## What you need to do
Copy out, from the data below, each line in which the word "para" occurs.

[Scraped caption text data]

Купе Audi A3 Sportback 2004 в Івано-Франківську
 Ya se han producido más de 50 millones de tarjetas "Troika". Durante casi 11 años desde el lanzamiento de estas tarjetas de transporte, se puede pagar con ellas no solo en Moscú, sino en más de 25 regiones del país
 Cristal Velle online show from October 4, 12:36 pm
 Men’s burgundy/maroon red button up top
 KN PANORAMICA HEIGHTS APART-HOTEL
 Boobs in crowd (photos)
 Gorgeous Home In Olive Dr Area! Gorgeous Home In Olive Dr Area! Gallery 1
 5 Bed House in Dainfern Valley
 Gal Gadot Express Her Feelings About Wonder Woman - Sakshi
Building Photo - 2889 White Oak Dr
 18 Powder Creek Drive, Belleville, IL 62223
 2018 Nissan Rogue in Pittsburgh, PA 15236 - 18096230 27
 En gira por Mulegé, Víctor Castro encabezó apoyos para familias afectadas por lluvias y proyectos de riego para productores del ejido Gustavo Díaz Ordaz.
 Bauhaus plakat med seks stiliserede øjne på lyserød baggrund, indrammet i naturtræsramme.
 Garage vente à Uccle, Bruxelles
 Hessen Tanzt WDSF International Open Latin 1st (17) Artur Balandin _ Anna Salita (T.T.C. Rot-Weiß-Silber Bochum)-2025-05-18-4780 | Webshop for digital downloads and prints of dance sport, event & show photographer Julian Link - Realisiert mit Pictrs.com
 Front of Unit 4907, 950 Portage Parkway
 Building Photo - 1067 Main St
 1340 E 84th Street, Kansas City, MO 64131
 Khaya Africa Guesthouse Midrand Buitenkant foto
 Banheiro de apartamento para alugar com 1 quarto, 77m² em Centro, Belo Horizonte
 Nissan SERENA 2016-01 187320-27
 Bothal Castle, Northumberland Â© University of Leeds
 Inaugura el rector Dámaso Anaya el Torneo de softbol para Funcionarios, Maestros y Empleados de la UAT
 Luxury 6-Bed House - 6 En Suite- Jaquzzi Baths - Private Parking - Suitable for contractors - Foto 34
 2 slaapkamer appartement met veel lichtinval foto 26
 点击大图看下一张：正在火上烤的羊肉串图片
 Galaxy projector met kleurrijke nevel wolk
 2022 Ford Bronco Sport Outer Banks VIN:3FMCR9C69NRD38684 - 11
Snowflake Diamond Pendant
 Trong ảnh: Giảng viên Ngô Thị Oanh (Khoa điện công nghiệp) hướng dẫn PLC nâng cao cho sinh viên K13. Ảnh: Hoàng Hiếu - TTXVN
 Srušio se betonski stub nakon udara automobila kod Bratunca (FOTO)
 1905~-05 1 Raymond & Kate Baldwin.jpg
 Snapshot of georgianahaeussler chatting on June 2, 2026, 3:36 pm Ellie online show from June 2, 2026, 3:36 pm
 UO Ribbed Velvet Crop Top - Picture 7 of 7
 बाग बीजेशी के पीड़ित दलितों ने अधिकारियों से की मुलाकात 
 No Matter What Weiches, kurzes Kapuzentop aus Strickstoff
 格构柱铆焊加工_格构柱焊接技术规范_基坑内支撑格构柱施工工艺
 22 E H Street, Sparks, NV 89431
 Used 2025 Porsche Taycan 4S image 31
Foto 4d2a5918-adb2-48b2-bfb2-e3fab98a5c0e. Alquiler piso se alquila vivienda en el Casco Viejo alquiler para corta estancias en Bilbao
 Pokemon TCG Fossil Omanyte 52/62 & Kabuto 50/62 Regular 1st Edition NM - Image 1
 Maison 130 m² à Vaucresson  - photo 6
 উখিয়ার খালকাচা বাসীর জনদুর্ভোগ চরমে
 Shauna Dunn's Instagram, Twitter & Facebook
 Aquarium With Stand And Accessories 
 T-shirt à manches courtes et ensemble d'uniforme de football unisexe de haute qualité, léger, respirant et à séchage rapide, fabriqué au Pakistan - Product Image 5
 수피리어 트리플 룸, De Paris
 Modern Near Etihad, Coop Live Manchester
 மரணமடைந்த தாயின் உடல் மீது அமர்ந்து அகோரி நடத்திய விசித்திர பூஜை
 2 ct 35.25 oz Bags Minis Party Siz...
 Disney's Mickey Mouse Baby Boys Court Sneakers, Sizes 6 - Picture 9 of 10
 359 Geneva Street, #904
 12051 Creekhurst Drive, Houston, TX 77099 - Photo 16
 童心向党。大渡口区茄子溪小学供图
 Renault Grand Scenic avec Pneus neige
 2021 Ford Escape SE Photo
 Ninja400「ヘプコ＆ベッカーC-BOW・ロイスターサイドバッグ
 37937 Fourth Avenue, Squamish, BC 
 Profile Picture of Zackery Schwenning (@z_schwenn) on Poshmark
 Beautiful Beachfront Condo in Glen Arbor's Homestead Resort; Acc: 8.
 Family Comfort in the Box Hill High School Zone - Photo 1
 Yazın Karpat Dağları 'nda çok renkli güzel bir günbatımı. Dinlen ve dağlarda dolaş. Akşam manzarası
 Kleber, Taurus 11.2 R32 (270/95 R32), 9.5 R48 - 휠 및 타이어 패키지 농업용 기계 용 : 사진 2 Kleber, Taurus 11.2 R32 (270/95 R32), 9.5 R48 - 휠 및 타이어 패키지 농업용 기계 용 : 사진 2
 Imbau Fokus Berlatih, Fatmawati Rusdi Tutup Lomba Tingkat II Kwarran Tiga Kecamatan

## Completed task
 En gira por Mulegé, Víctor Castro encabezó apoyos para familias afectadas por lluvias y proyectos de riego para productores del ejido Gustavo Díaz Ordaz.
 Banheiro de apartamento para alugar com 1 quarto, 77m² em Centro, Belo Horizonte
 Inaugura el rector Dámaso Anaya el Torneo de softbol para Funcionarios, Maestros y Empleados de la UAT
Foto 4d2a5918-adb2-48b2-bfb2-e3fab98a5c0e. Alquiler piso se alquila vivienda en el Casco Viejo alquiler para corta estancias en Bilbao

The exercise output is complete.